> **Goal of the exercise**:
Going from the line that contains "Algopix Similar Product" through the last line of the records, set down each line again exactly, both included, with pictures left out.

Brief descriptive captions:
>>>

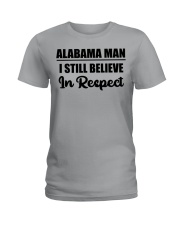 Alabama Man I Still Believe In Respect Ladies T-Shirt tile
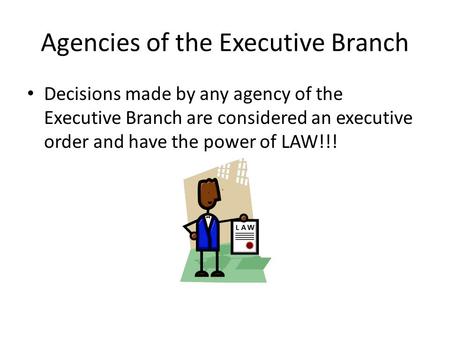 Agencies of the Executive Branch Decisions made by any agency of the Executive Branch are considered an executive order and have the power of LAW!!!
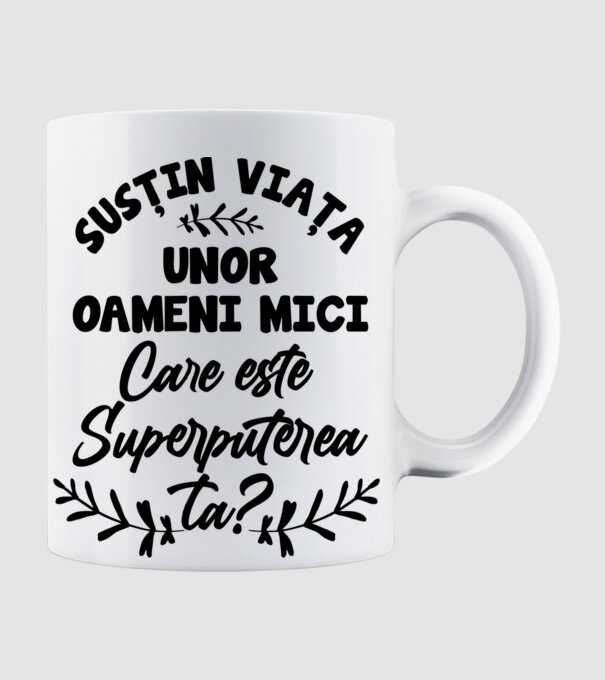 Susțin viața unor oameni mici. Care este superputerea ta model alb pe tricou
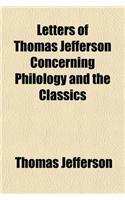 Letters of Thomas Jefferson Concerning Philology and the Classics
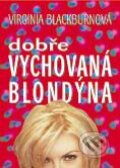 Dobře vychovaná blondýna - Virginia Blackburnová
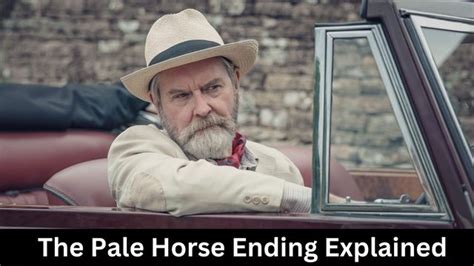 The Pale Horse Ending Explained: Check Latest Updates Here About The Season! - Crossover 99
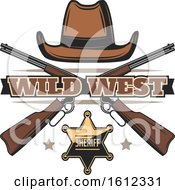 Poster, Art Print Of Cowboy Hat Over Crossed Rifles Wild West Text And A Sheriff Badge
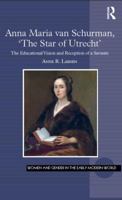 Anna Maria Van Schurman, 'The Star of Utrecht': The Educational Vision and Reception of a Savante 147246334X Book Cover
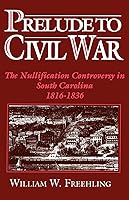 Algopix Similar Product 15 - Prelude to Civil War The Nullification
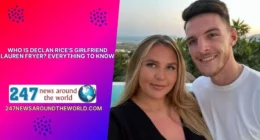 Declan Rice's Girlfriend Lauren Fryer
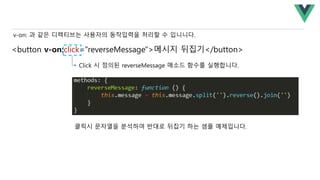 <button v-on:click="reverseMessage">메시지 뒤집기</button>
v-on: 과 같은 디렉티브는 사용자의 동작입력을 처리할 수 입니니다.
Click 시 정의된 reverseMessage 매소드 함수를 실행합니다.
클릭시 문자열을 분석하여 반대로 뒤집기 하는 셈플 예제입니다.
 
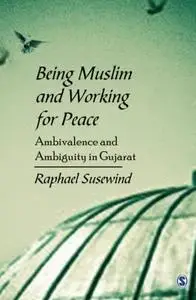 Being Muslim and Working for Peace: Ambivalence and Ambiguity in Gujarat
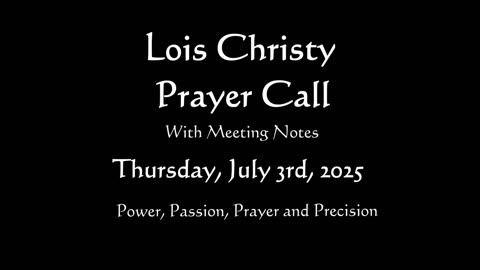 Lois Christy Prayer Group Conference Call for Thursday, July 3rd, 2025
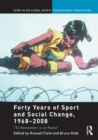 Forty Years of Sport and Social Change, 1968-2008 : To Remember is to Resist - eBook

<<<

> **Answer space**:
 Algopix Similar Product 15 - Prelude to Civil War The Nullification
 Declan Rice's Girlfriend Lauren Fryer
 <button v-on:click="reverseMessage">메시지 뒤집기</button>
v-on: 과 같은 디렉티브는 사용자의 동작입력을 처리할 수 입니니다.
Click 시 정의된 reverseMessage 매소드 함수를 실행합니다.
클릭시 문자열을 분석하여 반대로 뒤집기 하는 셈플 예제입니다.
 
 Being Muslim and Working for Peace: Ambivalence and Ambiguity in Gujarat
 Lois Christy Prayer Group Conference Call for Thursday, July 3rd, 2025
 Forty Years of Sport and Social Change, 1968-2008 : To Remember is to Resist - eBook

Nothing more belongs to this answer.